E eu repassei tudo na minha cabeça, pensando onde eu errei.
Eu ficava entorpecido sobre o assunto. Mas, de vez em quando, eu abraçava meus joelhos à noite na vã esperança de um telefonema. Não necessariamente uma declaração, um pedido pra voltar, um desabafo. Apenas um pedido de desculpas.
Claro que isso foi quando a auto-sabotagem acabou. Pois antes disso tinha uma voz na minha cabeça te defendendo. “Ah, mas ele não sabe o quanto você gosta dele. Ele não tem idéia. Você está sofrendo por causa dele, mas ele não faz idéia. Não culpe o menino”. Mas essa voz, mesmo que teoricamente e tecnicamente estivesse certa, foi se calando.
E a partir daí, ladeira abaixo. Foram várias pessoas, estradas e corações. Buscando alguém igual você ou extremamente diferente, sempre em cheio na direção do fracasso. Todos irrelevantes agora, assim como eu sou para você.
Eu não consigo acreditar que, no seu livro, eu sou aquela página que ficou borrada de café antes de ser lida. Aí você lê rápido, pois quer se livrar dela logo, daquelas ranhuras e de todo aquele papel curvado. Não que isso seja novidade, mas o texto ali é tão importante quanto qualquer outro e merecia ter sido lido com afinco. Não como se fosse inferior nem superior. As páginas dos livros, todas elas, querem essa justiça. Você devia ter dado isso a elas. Mas agora não adianta, não é? Você já terminou esse livro e está em outro. Talvez ainda outro. A mancha que se foda. Fechados e empilhados, os livros são iguais. E nossa capa não faz jus ao conteúdo.

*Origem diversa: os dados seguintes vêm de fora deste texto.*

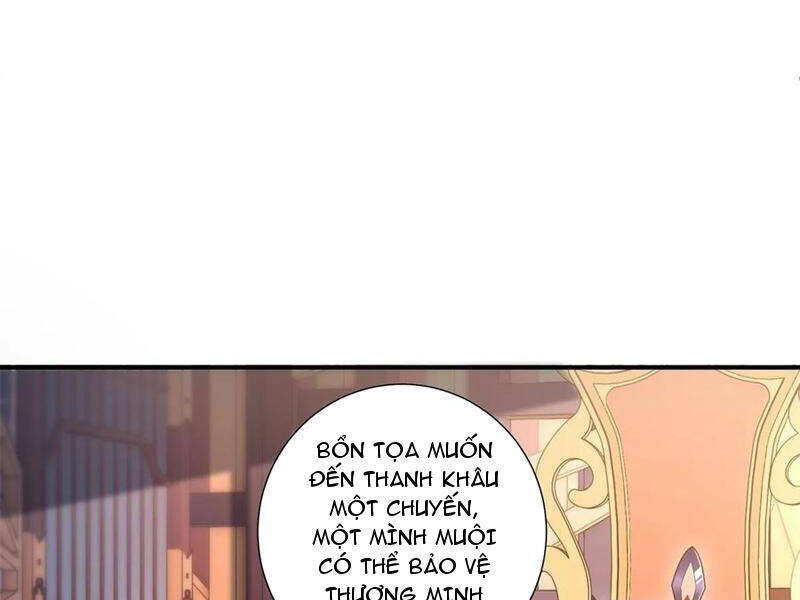 Bắt Đầu Với Tuyệt Sắc Sư Tôn: Hệ Thống Tổng Cục Phản Cốt: Chapter 125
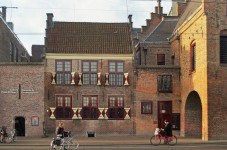 Museum de Gevangenpoort Den Haag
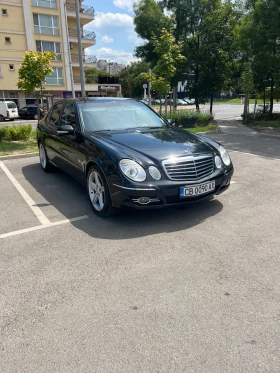 Обява за продажба на Mercedes-Benz E 320 EVO ~12 200 лв. - изображение 4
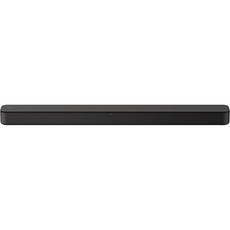 Sony S100F 2.0ch Soundbar with Bass Reflex Speaker 홈 오피스용 스피커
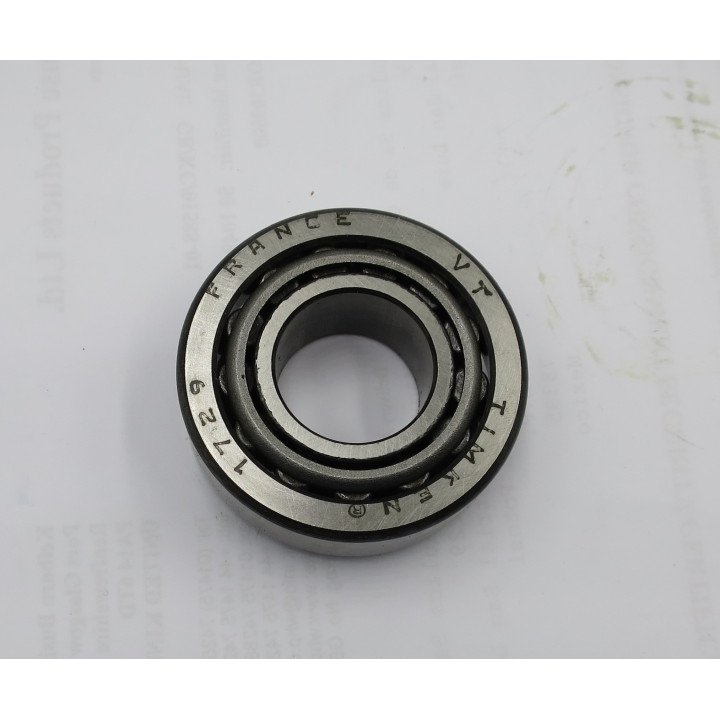 MA10V028 FRONT BEARING CUP & CONE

Odeio receber e-mails longos com desabafos (sim, já aconteceu comigo), mas isso faz muito bem para quem escreve. Dá uma sensação de ponto final. E é disso que eu preciso. Você ter terminado tudo da maneira que fez, me mistura a sensação de que você me odeia com a de que é tudo uma pausa, que uma hora vamos retomar de onde paramos. E eu não posso acreditar nisso, eu preciso ir pra frente.
Aliás, esse e-mail está especialmente longo. Você provavelmente não chegou até aqui. Posso começar a falar idiotices, como a cor das minhas novas paredes ou o último CD que baixei. Me lembra Miranda July no filme “Eu, Você e Todos Nós” (sua cara, já assistiu?), onde ela pede pra moça do museu lhe telefonar e dizer “macarrão” caso tenha visto certa fita VHS até o final. E eu bem gostaria de saber o quão fundo você foi nesse texto. Um sinal pode até vir, mas não vou esperar nenhum “macarrão” seu. Não mais.
Soldado, você tem permissão para se retirar.